◆ TASK OBJECTIVE ◆
Work through the listing below and give again exactly the lines from the one with "why are my bottom teeth more yellow" to the one with "Advanced Acne Treatment", both ends included. All other lines and all pictures stay out.

◆ ENTRIES PROVIDED ◆
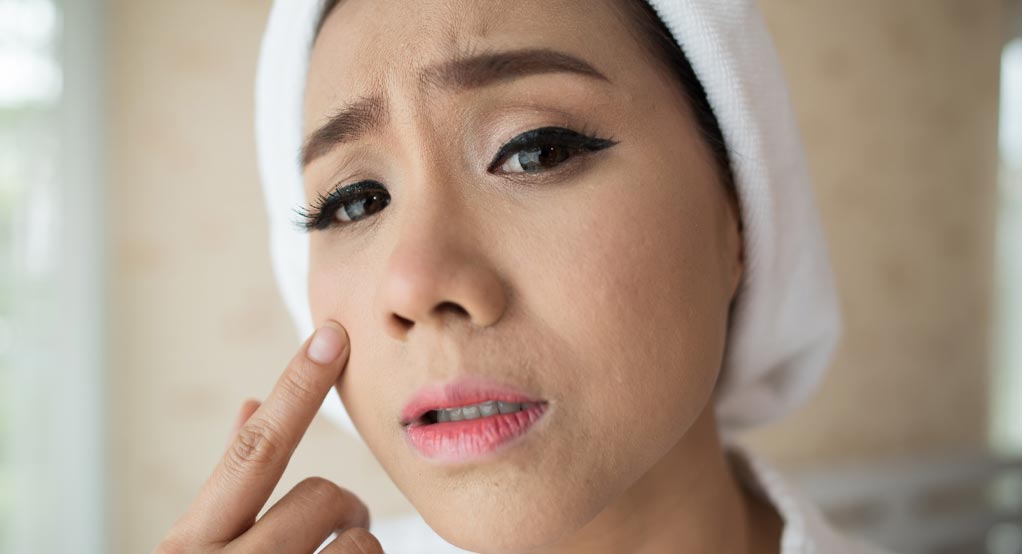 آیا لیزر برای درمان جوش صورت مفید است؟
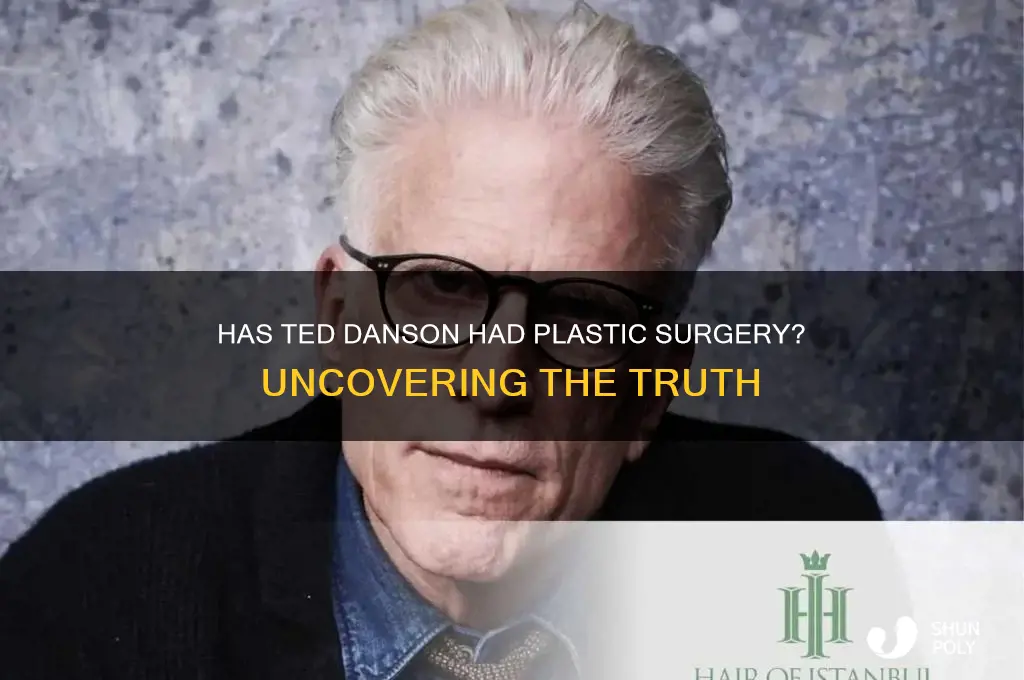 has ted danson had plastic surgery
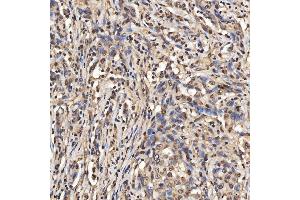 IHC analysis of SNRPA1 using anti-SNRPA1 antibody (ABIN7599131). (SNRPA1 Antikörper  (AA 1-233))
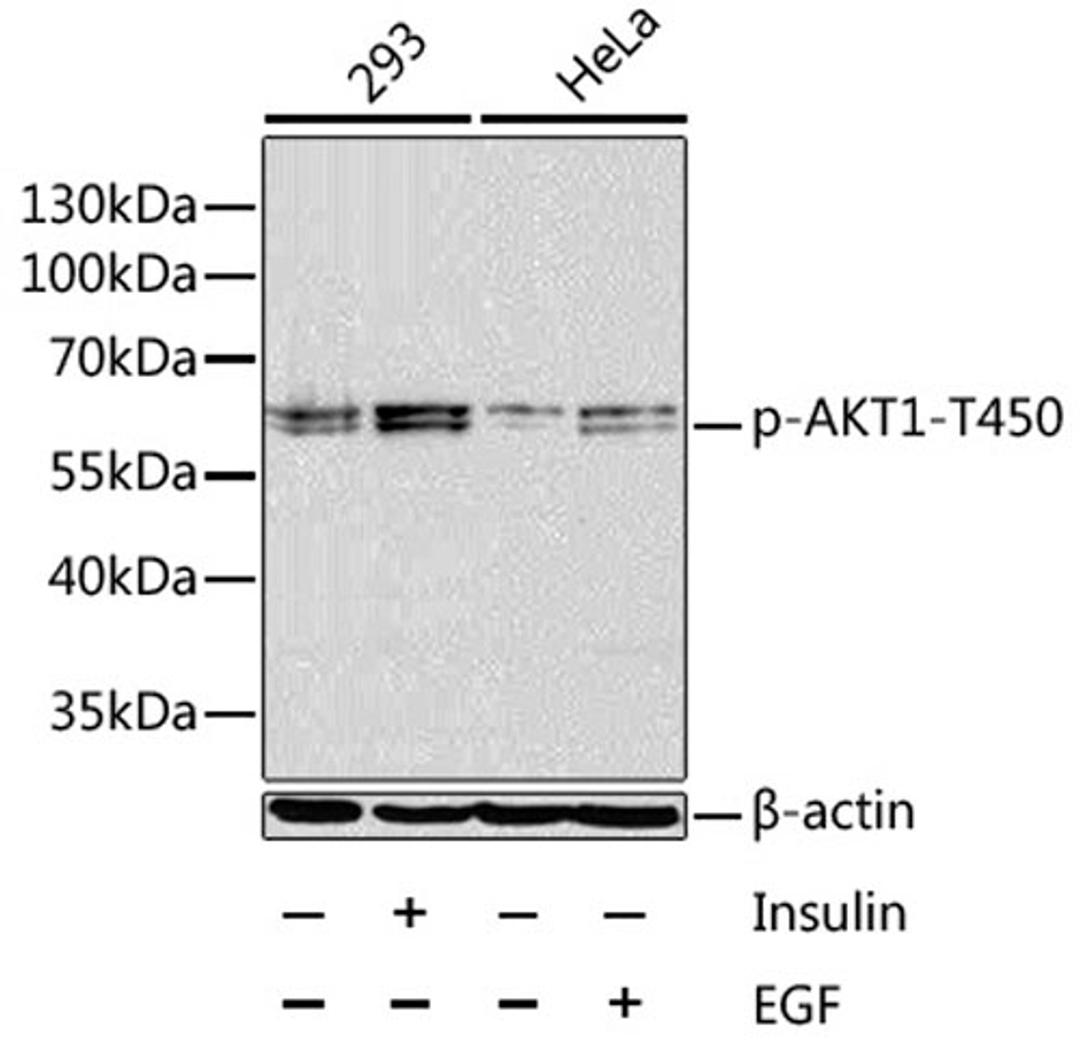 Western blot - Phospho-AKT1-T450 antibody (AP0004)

==

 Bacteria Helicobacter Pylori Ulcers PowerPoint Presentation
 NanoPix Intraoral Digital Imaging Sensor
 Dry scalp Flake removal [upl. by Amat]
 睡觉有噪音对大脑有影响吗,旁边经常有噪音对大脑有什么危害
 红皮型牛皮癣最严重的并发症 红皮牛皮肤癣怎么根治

...

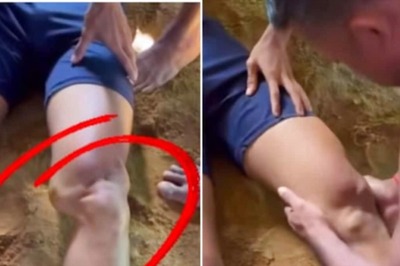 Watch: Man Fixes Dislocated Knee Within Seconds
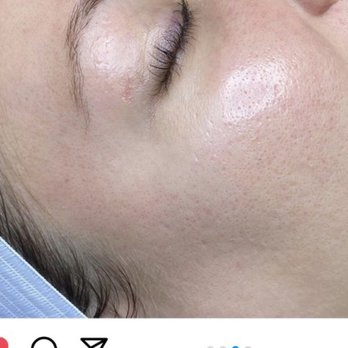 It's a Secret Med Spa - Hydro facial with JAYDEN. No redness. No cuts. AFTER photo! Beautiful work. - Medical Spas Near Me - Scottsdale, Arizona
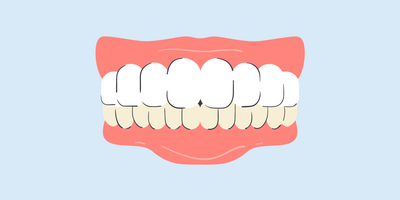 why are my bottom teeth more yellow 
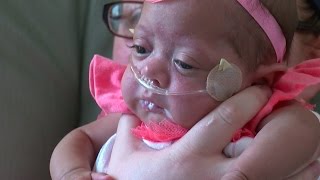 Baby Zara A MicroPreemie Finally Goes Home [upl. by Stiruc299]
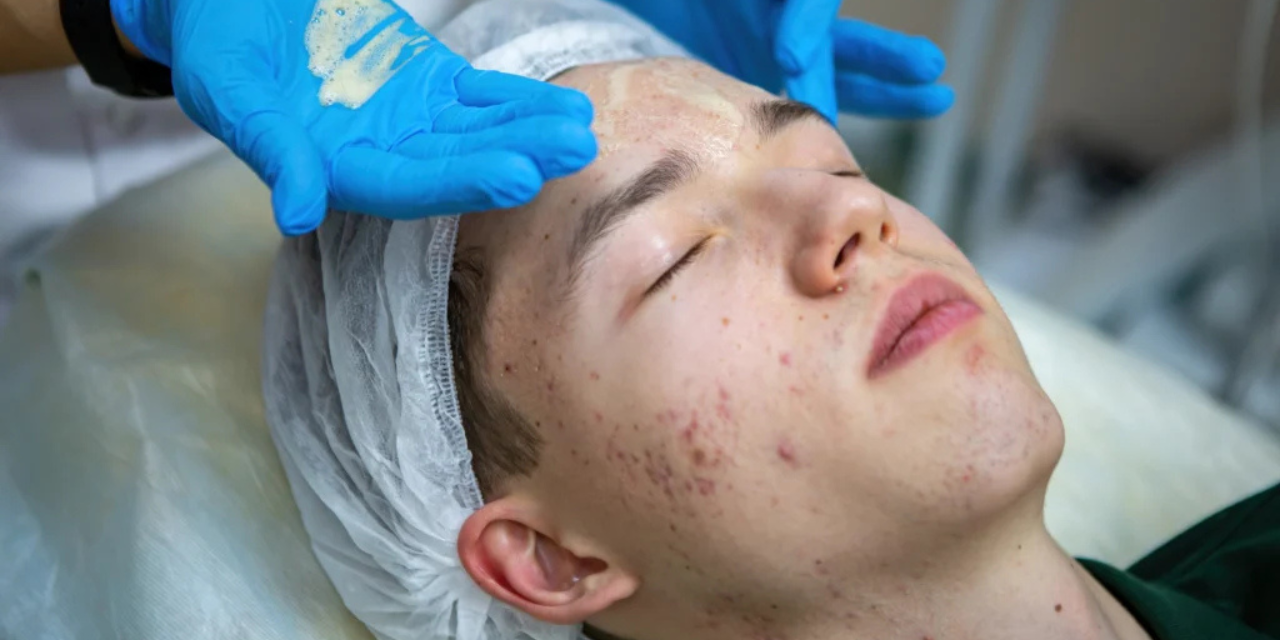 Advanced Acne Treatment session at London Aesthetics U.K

◆ EXERCISE ANSWER ◆
 why are my bottom teeth more yellow 
 Baby Zara A MicroPreemie Finally Goes Home [upl. by Stiruc299]
 Advanced Acne Treatment session at London Aesthetics U.K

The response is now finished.